Leah Shakdiel, the first woman to serve on a regional religious council in Israel, is a well-known Orthodox advocate for women’s rights within Judaism, as well as a dedicated Zionist peace activist. She was featured prominently in Lilly Rivlin’s film, “Can You Hear Me?”
One less predictable and more complex reaction to this war is in today's [Fri., Aug. 4] Haaretz weekly supplement, p. 20, by Salmann Matzalha.... He analyzes the present intra-Muslim competition between Sunni and Shiite extremists as to who can be more violent in fighting the non-Muslim world, and how our corner of the world fits into this.
I have offended some of my best friends by expressing my reservations regarding what I call "the automatic Left" in Israel (and Palestine, and the wide world out there), which I define as "the Left that blames *only* Israel, and *all* the time, *only* Israel." I have also stated that if feminist critique of war is automatically identified with that sort of reaction, it is not good for the feminist claim that women have added value to the anti-war and pro-peace much needed work, because it only makes feminism/women irrelevant to any serious peace process.
BTW, I have had the "honor" of displeasing colleagues at work in various jobs I have held over the years, by claiming that if feminist style in management is identified with "a mess" and "general inefficiency, just because it's "informal," it's a misreading of feminist claims against patriarchal hierarchies.
Let's stay away from oversimplifications please. Yes all wars are macho and this one too, yes women suffer more because they are victimized in the front and back home and excluded from decision making, but none of this is an excuse for not going into the complexities of every single war anew.
Iran's present regime and Hezbollah rank no 1 on the "evil scale" here. Yes I am all for replacing the stupid illusion that war can provide us security, with the realization that only the political process will do this, and I am all for driving home the idea that it is not possible to conduct any war without killing and maiming and destroying innocent lives, but I think we do need a language that will differentiate between wilful killing of innocents (Hezbollah, suicide bombers, 9/11, etc, and yes there were Israelis who did the same, such as Baruch Goldstein), and the irresponsible unethical conduct of military actions (some of Israel's actions in all its wars).
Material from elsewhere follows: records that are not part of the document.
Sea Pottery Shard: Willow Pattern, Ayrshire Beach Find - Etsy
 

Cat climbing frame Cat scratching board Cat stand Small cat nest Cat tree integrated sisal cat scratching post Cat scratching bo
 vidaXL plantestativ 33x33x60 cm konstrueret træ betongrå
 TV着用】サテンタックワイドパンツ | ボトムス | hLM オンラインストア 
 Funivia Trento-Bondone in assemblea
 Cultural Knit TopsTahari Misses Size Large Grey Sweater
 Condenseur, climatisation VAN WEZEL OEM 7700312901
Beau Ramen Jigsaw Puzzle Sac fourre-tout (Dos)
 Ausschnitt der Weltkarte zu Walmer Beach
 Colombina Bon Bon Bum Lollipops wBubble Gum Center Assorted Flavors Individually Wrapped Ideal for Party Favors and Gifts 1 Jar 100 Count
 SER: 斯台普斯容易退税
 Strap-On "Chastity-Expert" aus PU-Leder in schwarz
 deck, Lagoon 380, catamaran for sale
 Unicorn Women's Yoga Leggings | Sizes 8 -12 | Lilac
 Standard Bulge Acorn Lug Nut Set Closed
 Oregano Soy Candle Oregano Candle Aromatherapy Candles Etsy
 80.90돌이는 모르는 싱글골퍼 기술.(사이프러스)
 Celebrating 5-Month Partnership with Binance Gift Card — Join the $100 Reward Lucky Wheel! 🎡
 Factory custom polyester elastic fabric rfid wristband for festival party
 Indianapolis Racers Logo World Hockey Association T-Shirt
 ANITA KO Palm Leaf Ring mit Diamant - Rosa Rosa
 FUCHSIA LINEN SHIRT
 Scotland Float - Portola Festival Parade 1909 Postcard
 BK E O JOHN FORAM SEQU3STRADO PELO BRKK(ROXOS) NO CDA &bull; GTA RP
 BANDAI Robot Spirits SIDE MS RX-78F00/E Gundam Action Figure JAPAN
If we use the words "war crimes" for the second kind, then we have no more words for the first kind, and the result of course is that we don't mention them at all, or that we tolerate the pathological reaction of Palestinians who support Hezbollah [actions or intentions], as they supported Saddam Hussein at the time, as if THOSE genocidal war crimes have anything whatsoever to do with the JUSTIFIED struggle of Palestinians for a state of their own.
One side effect of this "automatic Leftism" is that instead of helping the Palestinians get there it actually sets them back because it blurs their issue and sends it back to the back burner. In my opinion all this has a lot to do with the fact that we Israeli Jews don't use the self appellation, "Jews," often enough, as if we have internalized the Palestinian lie that Israel is a colonialist fiction and we are only here to steal their land, but that's a whole other chapter in my politics, there is no Israel unless we admit that we are here as Jews, in a state that is both a safe haven for Jews in their historical ancient homeland, and a modern democracy for all its citizens.